I went to feed and water everyone and my 4 month old black Orpington hen was laying down. The others ran to get there grass and food and she stayed there. I went to pet her back and she tried to walk away(barley hovering over the ground) with her wings out(sorda like male turkeys do) I got her out and put her in a cage by herself with some food and water with avc and she has no appetite. I tried to see if she would put pressure on her legs and she won't on her left leg. In not sure if its broken or she is paralyzed. Is there any hope? She's holding her left wing up away from her leg.


----------



## takethelead (Dec 18, 2013)

She is also having some green dihareha,


----------



## ksalvagno (Oct 6, 2009)

I don't know. It doesn't sound good.


----------



## takethelead (Dec 18, 2013)

I have a suspicion that it might be a vitamin deficiency (I've heard it can cause paralysis) since she's newer and hasn't been excepted by the flock and I've noticed she doesn't get as much food as the others. I gave her some liquid vitamin supplements so hopefully in a few days she will give me a sign she's improving. 

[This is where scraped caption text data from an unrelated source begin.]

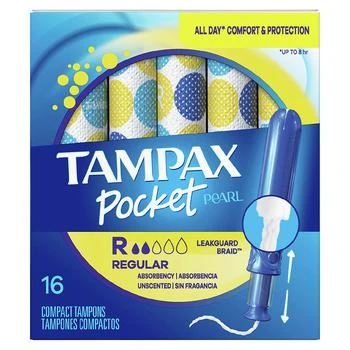 Tampax | Tampons, with LeakGuard Braid & Extendable Applicator No Scent, Regular Absorbency,商家Walgreens,价格¥66
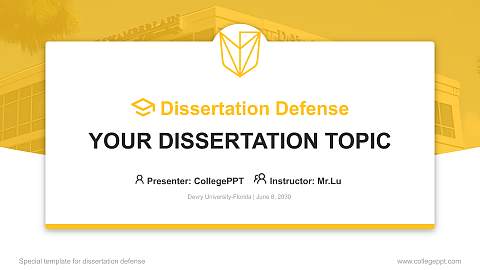 Devry University-Florida Graduation Thesis Defense PPT Template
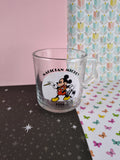 Vintage Disney Magician Mickey 1937 Sturdy Glass Mug Anchor Hocking, 3.5"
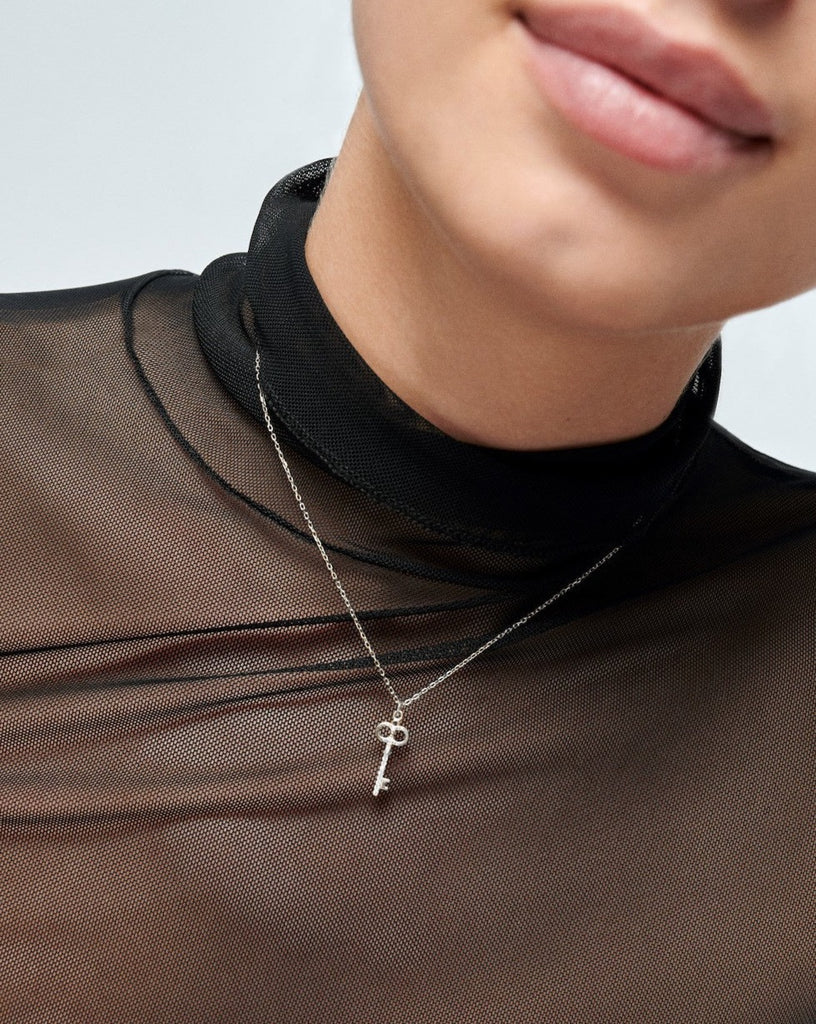 Collar llave plata con oro silver key necklace gold plating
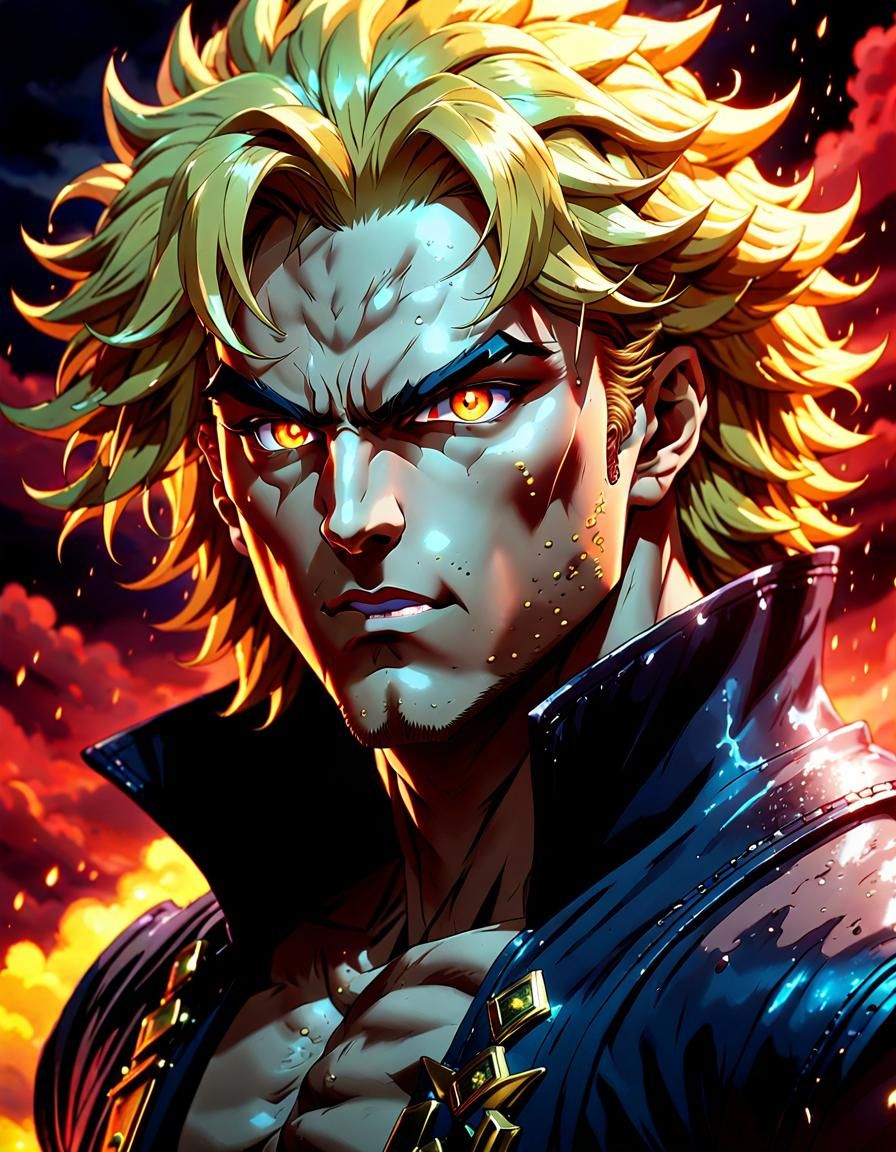 Dio Brando Portrait with Stormy Mountain Backdrop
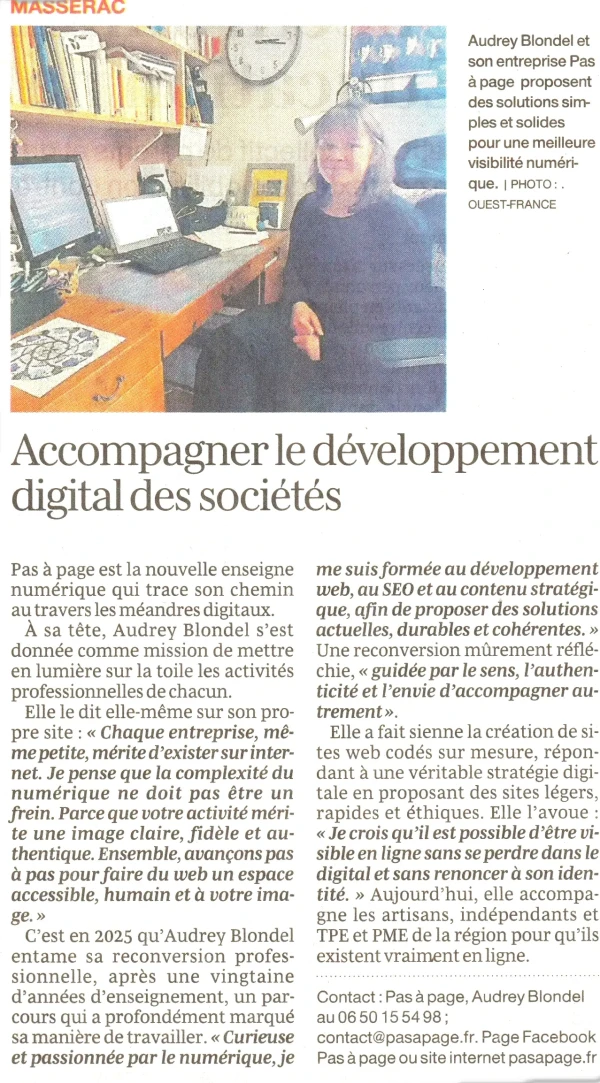 article paru dans ouest-france le 21 mai 2026 qui présente Pas à page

Sent from my SCH-S738C using Goat Forum mobile app


----------



## oakshirefarms (Jul 5, 2013)

Do you have a pic? Is the leg swollen? Can you bend it? Hot? Any puncture wounds or bites? How are the toes? How long has she had the diarrhea? If she is not eating/drinking at all you need to get something into her. Even if you use a dropper and wet her beak or keep dipping it a bit [not too much as to cause her to aspirate]. If you use the dropper tilting the head back and let the drops flow onto the side instead of straight back. Feel her crop also, make sure it is not backing up or impacted. If it is clear, I would try some yogurt - not light or anything with artificial sweeteners. Dipping some on her beak should motivate her to at least swallow some, and a slight tilt of the head also helps. Hope this helps a bit.


----------



## oakshirefarms (Jul 5, 2013)

Liquid vitamins will be a good boost and you could use some electrolyte mix as well in her drink. I know they make some specific to chickens, can't recall the name at the moment. My concern would be the diarrhea as well though. It could be caused by a bacterial infection or it could just be the stress of joining the flock. We will keep her in our thoughts.


----------



## takethelead (Dec 18, 2013)

Thank you the legs not swollen I can bend it and there are no puncture wounds but she won't put pressure on it at all. I gave her some cottage cheese to help with the diarrhea, I only noticed it when I noticed she was down yesterday. I finally got her to drink some avc water and if I wet the food with some of the vitamin liquid she will peck at it. I'm guessing she is pretty dehydrated from the diarrhea. 

Sent from my SCH-S738C using Goat Forum mobile app


----------



## nchen7 (Feb 25, 2013)

raw honey in her mouth is also a good boost (I just learned that the other day). just swipe some on the inside of her mouth. 

maybe she sprained it or hurt it somehow? we had a feral hen who was hopping on one leg for a while, but she eventually got better on its own.

I hope she feels better soon.


----------



## takethelead (Dec 18, 2013)

She passed away this morning and I finally found out what it was. Here's the information. •Fowl Cholera:

Symptoms: Usually birds over 4 months — greenish yellow diarrhea; breathing difficulty; swollen joints; darkened head; paralysis and wattles; often quick death. Does not infect humans.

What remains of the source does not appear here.